SATRU CHAPTER 20

93 7 0
                                    

Happy Reading♡♡

"Sebelum janur kuning melengkung, masih bisa di tikung." [Nada Naila Nur Habibah]

10 hari 9 jam 35 menit, Nada terus menerus memikirkan tentang perjodohan itu. Begitu banyak rencana yang tersusun di pikirannya, yang sayang sekali tidak bisa ia aplikasikan. Penyebabnya hanya satu, ia tidak tega menyakiti hati orang tuanya untuk kedua kalinya.

Sempat ada pemikiran untuk kabur seperti 6 tahun yang lalu. Tapi kembali lagi, ia tidak mungkin terus menetus untuk lari. Tetap saja suatu saat ia akan menghadapi sebuah kenyataan pahit ini.

Sikapnya yang pendiam selama beberapa minggu ini, membuat Anita sedikit khawatir mengenai kondisi sahabatnya yang satu ini. Ia terus melamun sampai tidak menyentuh makanan yang ada di hadapannya. Makan tidak habis, tidur tidak nyenyak, mandi pun tidak basah. Dah mirip Rembo!

Anita melambaikan tangannya tepat di wajah ayu Nada, "Woi mbak, lagi kesambet apaan? Ngelamun mulu perasaan," celetuk Anita berhasil membangunkan lamunan sahabatnya.

"Huhh, aku lagi banyak pikiran nih, Nit." adu Nada dengan wajah memelas.

Segera Anita menarik kursi, mendekat ke meja guru milik Nada.

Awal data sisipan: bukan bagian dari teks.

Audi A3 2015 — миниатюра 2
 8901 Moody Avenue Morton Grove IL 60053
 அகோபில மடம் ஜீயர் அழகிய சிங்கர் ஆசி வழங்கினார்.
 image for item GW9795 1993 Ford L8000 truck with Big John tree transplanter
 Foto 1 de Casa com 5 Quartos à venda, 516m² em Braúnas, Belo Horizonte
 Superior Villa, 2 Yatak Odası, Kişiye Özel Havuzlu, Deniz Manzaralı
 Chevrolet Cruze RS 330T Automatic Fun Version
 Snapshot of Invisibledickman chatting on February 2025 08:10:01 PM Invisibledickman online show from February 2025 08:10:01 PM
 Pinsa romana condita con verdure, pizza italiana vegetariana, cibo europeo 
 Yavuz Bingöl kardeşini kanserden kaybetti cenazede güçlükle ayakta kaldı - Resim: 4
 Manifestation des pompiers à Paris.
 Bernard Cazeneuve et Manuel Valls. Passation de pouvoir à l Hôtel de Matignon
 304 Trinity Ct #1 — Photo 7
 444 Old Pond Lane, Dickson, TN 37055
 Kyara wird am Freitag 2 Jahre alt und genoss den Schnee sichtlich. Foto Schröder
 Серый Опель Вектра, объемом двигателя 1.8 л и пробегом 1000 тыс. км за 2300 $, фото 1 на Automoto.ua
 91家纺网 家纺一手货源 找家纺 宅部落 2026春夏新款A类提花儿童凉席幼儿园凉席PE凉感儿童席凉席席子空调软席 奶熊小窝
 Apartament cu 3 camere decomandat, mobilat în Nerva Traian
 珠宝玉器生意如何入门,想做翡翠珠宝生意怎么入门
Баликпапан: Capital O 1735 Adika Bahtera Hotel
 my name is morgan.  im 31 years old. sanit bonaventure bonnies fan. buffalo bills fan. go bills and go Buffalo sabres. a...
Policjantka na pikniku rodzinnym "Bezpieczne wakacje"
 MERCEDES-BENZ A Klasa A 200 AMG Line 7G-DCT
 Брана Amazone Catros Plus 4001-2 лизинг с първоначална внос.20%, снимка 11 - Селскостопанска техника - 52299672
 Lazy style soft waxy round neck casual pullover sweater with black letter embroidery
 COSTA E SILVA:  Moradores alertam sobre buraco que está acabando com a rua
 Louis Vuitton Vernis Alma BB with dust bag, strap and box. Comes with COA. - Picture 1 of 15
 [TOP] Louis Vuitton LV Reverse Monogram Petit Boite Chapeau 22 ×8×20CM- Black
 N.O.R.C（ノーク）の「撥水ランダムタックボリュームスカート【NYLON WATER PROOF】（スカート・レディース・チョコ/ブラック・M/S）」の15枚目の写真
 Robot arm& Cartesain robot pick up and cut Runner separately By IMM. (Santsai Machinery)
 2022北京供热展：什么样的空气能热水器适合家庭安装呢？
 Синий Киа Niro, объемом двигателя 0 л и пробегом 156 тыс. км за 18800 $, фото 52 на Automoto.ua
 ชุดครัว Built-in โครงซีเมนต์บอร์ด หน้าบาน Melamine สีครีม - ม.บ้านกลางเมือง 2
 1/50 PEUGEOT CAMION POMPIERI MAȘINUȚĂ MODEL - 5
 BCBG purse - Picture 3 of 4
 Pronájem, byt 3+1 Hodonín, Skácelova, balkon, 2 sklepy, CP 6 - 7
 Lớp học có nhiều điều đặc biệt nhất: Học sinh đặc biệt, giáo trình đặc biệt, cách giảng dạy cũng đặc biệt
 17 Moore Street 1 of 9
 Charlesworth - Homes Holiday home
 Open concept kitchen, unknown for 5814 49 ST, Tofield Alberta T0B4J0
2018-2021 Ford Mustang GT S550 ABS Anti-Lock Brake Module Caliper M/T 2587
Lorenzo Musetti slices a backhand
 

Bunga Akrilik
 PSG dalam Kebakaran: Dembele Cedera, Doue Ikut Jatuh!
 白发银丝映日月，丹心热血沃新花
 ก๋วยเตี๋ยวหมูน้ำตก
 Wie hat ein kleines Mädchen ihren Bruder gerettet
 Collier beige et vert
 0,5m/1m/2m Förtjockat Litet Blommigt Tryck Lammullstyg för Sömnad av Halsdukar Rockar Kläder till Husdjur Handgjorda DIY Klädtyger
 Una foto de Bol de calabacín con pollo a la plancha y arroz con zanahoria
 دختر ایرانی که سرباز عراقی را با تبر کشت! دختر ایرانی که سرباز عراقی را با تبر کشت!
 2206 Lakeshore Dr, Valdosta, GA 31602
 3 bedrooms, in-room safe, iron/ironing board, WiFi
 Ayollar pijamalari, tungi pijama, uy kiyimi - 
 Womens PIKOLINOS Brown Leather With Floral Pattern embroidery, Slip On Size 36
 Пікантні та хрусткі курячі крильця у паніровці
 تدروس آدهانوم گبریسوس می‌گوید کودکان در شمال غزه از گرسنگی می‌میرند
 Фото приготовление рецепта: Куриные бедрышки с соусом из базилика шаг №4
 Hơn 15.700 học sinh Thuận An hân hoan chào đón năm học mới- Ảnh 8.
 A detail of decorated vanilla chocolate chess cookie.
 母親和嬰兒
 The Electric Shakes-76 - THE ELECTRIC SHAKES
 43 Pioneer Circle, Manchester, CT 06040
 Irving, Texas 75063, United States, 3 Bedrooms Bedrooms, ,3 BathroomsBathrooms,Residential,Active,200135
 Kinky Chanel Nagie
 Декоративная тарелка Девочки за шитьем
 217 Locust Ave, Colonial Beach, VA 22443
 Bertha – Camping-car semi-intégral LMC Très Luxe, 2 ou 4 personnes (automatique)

"Yang bener, biasanya kamu orangnya paling masak bodoh sama keadaan, loh," ucap Anita cengengesan.

"Kali ini keadaannya diantara mati dan hidup," balas Nada semakin lemas.

"Hidup dan mati kalik!" cibir Anita,

"Coba kamu cerita, siapa tahu aku bisa kasih saran atau solusi," saran Anita dengan percaya diri, seolah-olah ia sudah bisa membaca pikiran Nada.

Nada mengambil napas panjang dan bersiap untuk bercerita,

"Besok aku mau di jodohin sama orang tua ku." jawab Nada tak bersemangat.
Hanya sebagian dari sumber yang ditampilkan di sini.